Soon after his first election in 2000, Putin ordered the closure of a Soviet-built military surveillance facility in Cuba as he sought to improve ties with Washington. Moscow has intensified contacts with Cuba in recent years as tensions with the U.S. and its allies mounted.
In December 2018, Russia briefly dispatched a pair of its nuclear-capable Tu-160 bombers to Venezuela in a show of support for Venezuelan President Nicolas Maduro amid Western pressure.
Sea of Azov tensions
CBC's Briar Stewart, Corinne Seminoff and Jean-François Bisson are in Ukraine reporting on the ongoing tensions with Russia. The following is a report they filed Thursday.
Tensions are also high on the Sea of Azov — a strategic body of water between Ukraine and Russia jointly controlled by the two countries.
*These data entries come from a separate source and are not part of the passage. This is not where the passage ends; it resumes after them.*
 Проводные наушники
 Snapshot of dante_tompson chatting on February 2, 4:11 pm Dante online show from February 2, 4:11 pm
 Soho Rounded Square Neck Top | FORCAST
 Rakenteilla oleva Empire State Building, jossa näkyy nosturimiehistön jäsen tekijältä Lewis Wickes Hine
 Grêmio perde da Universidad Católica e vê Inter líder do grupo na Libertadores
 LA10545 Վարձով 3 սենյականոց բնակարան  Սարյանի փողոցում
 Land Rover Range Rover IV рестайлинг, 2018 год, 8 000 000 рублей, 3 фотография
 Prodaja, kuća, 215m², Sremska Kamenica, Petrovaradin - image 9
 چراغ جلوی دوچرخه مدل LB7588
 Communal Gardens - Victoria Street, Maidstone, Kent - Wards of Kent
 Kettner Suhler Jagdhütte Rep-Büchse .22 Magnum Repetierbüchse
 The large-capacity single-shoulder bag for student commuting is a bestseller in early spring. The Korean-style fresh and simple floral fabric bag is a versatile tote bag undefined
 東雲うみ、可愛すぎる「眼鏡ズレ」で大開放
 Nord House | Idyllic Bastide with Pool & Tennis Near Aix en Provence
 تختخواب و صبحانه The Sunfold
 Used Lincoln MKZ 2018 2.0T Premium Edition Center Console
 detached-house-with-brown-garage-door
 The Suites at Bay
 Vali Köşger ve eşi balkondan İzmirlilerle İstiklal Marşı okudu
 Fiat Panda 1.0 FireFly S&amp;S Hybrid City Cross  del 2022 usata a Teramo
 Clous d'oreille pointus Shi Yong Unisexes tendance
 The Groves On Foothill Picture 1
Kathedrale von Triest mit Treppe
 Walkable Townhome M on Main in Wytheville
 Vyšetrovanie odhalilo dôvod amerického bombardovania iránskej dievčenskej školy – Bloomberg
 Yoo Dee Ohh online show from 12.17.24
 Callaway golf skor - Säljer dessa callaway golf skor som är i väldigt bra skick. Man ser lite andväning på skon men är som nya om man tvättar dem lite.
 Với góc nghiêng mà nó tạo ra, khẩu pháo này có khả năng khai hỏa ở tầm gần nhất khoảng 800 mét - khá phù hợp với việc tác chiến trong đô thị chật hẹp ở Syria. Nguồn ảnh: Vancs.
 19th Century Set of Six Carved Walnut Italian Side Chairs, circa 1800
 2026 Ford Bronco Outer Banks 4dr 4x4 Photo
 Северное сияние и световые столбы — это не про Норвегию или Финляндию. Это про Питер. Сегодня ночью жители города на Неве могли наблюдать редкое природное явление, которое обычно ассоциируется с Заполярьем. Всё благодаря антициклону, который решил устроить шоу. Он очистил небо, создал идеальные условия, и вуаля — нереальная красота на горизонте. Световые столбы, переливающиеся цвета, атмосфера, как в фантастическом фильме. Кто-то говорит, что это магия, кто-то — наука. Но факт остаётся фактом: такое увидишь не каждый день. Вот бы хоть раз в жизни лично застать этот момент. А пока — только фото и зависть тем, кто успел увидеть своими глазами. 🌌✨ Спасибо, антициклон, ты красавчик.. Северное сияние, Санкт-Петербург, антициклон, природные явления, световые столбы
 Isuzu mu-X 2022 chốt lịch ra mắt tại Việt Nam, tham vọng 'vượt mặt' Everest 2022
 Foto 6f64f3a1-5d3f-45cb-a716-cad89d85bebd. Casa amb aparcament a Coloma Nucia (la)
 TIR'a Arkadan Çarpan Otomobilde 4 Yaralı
"Every time we go to sea .... we encounter Russian ships that follow us," said Denys Bakumov, 23, a commander with the Ukrainian navy, while taking CBC out on patrol earlier this week.
"We see more activity of navy patrol ships in the sea. They are moving much more and trying to increase their control over the Azov."
Bakumov was born in Crimea and was still studying at a naval institute when Russia annexed the peninsula.
He told CBC Wednesday that he and his fellow sailors had just seen a Russian ship earlier that morning about eight kilometres from their patrol boat, the Vyshgorod.
The Ukrainian navy says its patrol boats in the Sea of Azov are outnumbered. In 2018, Ukraine only had one vessel, but now, it has four and hopes to add more. Russia has about 20.
Ukraine lost most of its navy and its base at Sevastopol in Crimea after Russia seized the peninsula.
It is trying to rebuild its navy with the help of Western allies, particularly, the U.K., which has promised access to hundreds of millions of dollars in loans in order to construct a base and purchase warships and other equipment.
Ukraine is building one of two new bases near the commercial port of Berdyansk on the southeast coast of Ukraine.
When CBC visited the base on a bitterly cold and windy day this week, only a handful of workers were present, and the base was far from complete.
There were stacks of bricks and boards and piles of sand, but equipment sat idle, even though the government announced last year that it was speeding up construction.
The base is not expected to be complete until 2023.
"Ukrainian naval forces are an important part of the Ukrainian military," said Deputy Commander Yaroslav Shevchenko.
"We are ready to take action … but I need to stress that we won't provoke anything, and we are ready to defend our land … until the last drop of blood."